Thank you everyone, I asked the question here again after reading the last question of this subject and the answers were over my head. I have no idea what RIO is or CMC gum solution or ferro frit are. most other chemica,l minerals, mysterious substances I am learning to recognize the names when I read them but am not really sure how to use or handle them. I only just figured out what flux is and that's how I know that gerstley borate is one. Currently I am only using commercial products and such knowing its better to wait and experiment with my own when I know A LOT more than I do now. My tiny bags of red iron oxide, gerstley borat and a couple mason stains are the first and only powdered ceramic items I have purchased so far, it took me 2 weeks to get up the nerve to even open the bag of Gerstley borate and a mason stain to mix up a test transfer tile. I've been looking at the bag of red iron oxide mystified by how to get it into liquid form safely. I have purchased a respirator for ceramics use and use it whenever I handle anything dry even wiping down my tables in case I cause clay dust to arise.

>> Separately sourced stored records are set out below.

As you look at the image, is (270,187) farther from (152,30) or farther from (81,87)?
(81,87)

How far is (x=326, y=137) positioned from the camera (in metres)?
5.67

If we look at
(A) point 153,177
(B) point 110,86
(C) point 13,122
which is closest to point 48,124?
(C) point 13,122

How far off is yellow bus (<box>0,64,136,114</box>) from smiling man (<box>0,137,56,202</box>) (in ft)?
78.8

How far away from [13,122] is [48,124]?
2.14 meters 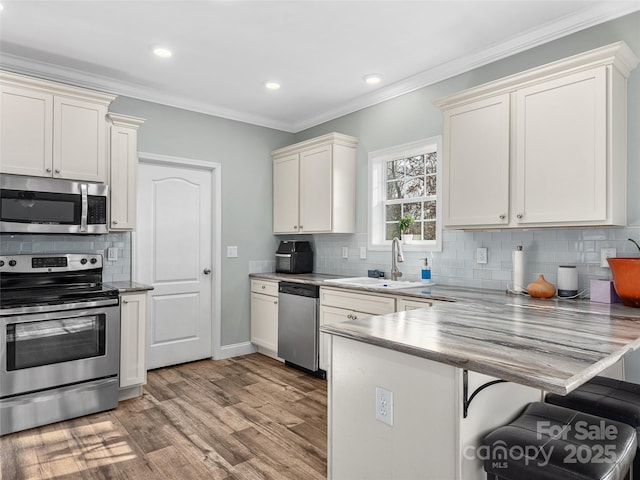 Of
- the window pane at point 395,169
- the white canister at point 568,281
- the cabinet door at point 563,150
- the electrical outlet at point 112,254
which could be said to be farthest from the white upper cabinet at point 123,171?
the white canister at point 568,281

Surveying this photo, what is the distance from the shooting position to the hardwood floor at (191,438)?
226 centimetres


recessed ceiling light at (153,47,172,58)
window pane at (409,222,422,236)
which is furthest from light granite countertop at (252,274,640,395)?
recessed ceiling light at (153,47,172,58)

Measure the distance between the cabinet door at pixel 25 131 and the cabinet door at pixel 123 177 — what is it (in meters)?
0.47

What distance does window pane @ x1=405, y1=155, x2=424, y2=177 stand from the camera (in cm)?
374

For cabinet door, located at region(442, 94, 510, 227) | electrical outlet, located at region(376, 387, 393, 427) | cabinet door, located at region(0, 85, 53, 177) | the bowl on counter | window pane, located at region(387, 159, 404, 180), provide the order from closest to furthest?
electrical outlet, located at region(376, 387, 393, 427)
the bowl on counter
cabinet door, located at region(442, 94, 510, 227)
cabinet door, located at region(0, 85, 53, 177)
window pane, located at region(387, 159, 404, 180)

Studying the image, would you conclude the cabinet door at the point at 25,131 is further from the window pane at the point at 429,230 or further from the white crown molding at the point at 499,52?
the window pane at the point at 429,230

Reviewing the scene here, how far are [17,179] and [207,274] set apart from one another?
193cm

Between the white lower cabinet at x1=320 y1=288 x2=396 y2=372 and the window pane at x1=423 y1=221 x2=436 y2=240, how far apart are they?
2.83 ft

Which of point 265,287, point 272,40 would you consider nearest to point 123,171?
point 272,40

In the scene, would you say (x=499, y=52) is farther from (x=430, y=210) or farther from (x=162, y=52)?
(x=162, y=52)

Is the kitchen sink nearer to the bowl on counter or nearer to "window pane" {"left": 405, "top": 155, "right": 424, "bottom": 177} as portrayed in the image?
"window pane" {"left": 405, "top": 155, "right": 424, "bottom": 177}

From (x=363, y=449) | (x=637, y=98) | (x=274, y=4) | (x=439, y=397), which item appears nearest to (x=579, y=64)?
(x=637, y=98)

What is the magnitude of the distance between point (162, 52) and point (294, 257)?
230 cm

Again thank you for helping to educate me I read the forum posts old and new but it sometimes takes a awhile to actually figure out and understand what it is I am reading. Sometimes its rather like reading Greek street signs you know the sign in front of the train station says Train Station but you have no idea what the letters printed are. I know eventually ill figure it all out but the learning curve is massive at this point.
Sorry, Terry, I used the abbreviation RIO for Red Iron Oxide. While it is obviously good to error on the side of safety when handling clays and chemicals, some people take it to such an extreme that it is not only silly but a waste of studio time. Almost anything you inhale other than clean air is not good for you, but if you don't use gloves and a respirator to drive down a highway or ride a bike up a dirt trail or to watch your kid slide into home base or clean the cat box or sweep anywhere or put a kid in a sand box then you don't need gloves and a respirator to mix a little RIO (Red Iron Oxide) with water.

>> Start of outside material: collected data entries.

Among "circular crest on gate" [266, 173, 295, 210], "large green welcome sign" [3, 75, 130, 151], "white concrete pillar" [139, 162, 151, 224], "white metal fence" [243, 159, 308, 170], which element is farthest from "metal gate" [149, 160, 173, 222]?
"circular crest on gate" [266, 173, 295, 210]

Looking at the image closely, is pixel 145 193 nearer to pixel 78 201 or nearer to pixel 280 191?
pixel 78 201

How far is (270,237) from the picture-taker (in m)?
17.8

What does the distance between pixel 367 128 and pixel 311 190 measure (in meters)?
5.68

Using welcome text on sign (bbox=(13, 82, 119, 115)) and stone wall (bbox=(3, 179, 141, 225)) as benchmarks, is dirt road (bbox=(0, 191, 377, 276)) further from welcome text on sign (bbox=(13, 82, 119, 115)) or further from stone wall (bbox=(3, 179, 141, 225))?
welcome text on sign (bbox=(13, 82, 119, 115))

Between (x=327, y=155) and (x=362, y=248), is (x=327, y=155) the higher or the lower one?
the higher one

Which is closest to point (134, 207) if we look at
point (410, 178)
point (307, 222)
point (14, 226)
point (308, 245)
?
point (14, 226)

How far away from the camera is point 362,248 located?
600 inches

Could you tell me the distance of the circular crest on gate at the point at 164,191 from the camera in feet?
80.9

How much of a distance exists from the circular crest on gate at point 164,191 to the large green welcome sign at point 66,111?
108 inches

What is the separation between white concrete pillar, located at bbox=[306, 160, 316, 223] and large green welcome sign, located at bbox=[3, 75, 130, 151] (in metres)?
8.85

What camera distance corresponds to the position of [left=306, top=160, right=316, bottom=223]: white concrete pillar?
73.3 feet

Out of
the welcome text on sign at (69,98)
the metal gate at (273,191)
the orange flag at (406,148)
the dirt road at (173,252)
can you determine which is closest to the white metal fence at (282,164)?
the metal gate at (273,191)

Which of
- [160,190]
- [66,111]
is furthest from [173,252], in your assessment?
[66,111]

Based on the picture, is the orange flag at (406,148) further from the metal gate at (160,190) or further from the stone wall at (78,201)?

BTW, RIO is a main ingredient of ochres that our ancestors used to paint their bodies and cave walls and many people still used today to cover their entire bodies and is one of the many colors tossed into the air over crowds in India.
Jim (Who is still kicking a horse that died around post 10 of this thread and who doesn't like the expression "kicking a dead horse" but used it anyway.)
Kumkum (the red pigment thrown in the air during hindu religious festivals like holi or Krishna Janmastami) is made from mercury sulfide, not iron oxide.